Sfweekly.com lampoons a trio of Northern California ex-gay ministries.

One group helps parents reinforce their own stereotypes about “the gay lifestyle” that they imagine their adult children to be living. Group leader Carol has no qualifications in counseling or medicine, so it’s no surprise when the parental support talk runs amok. The parents condemn their children to hell, outright. They imagine their children to be pedophiles. They collectively reinforce their own namecalling — lobbing exactly the sorts of insults and stereotypes about their children that, Carol claims, cause homosexuality: “People call them sissy-boy or queer or fag, and they begin to believe that.”  A bizarre sort of demon envy is evident, as the parents mistakenly attribute more power and influence to Satan than to God Almighty.

Like PFOX, this parents’ group seems never to have met honest, less-than-cured exgays. Is this because these parents barricade themselves within an artificial world of stereotypes, or is it because exgay advocates make no effort to set antigay parents’ groups straight?

“Jose,” the next profiled exgay advocate, is a bit more grounded in reality than the parents. He is honest than change of sexual attraction is a slow process — but dishonest, perhaps, in failing to acknowledge that significant change, if it happens at all, rarely lasts long. What Jose seems to advocate is not healthy, sexually aware celibacy, but rather asexuality — a denial or suppression of all sexual attraction.

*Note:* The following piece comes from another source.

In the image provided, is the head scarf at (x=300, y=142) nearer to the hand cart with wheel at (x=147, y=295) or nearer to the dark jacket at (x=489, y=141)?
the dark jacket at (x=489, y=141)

Whereas Jose sees the exgay lifestyle as a journey into asexuality, the sfweekly.com article portrays a third profiled ministry as a warrior cult. These warriors invent the vice of “cannibalism” when a healthy, unaddicted gay person offers no tangible vices to blame on homosexuality. The warriors also, allegedly, accuse all men of wanting lust, not intimacy. Naturally, this belief raises troubling questions about the warriors themselves:

If this were true of men, then aren’t the exgay warriors condemned to a life of lust? Is it really wise for women to marry lust addicts? And might these exgay warriors really be the “man-hating feminists” popularized by their own conservative mythology?

The sfweekly.com article doesn’t explore questions as deeply as I’d like. It identifies none of the exgay advocates or groups, so most of its observations are unverifiable. Furthermore, the writer’s disguises and deceptions steer the story in some intentionally extreme directions.

As it happens, the third ministry’s slogan easily identifies the group, via Google, as New Hope Ministries. The article might have benefited from a look at NHM’s history: It was founded by two of the exgay movement’s grandparents, Frank and Anita Worthen.

The damage allegedly done by the Worthens to former exgay clients is profiled in Wayne Besen’s book, Anything But Straight.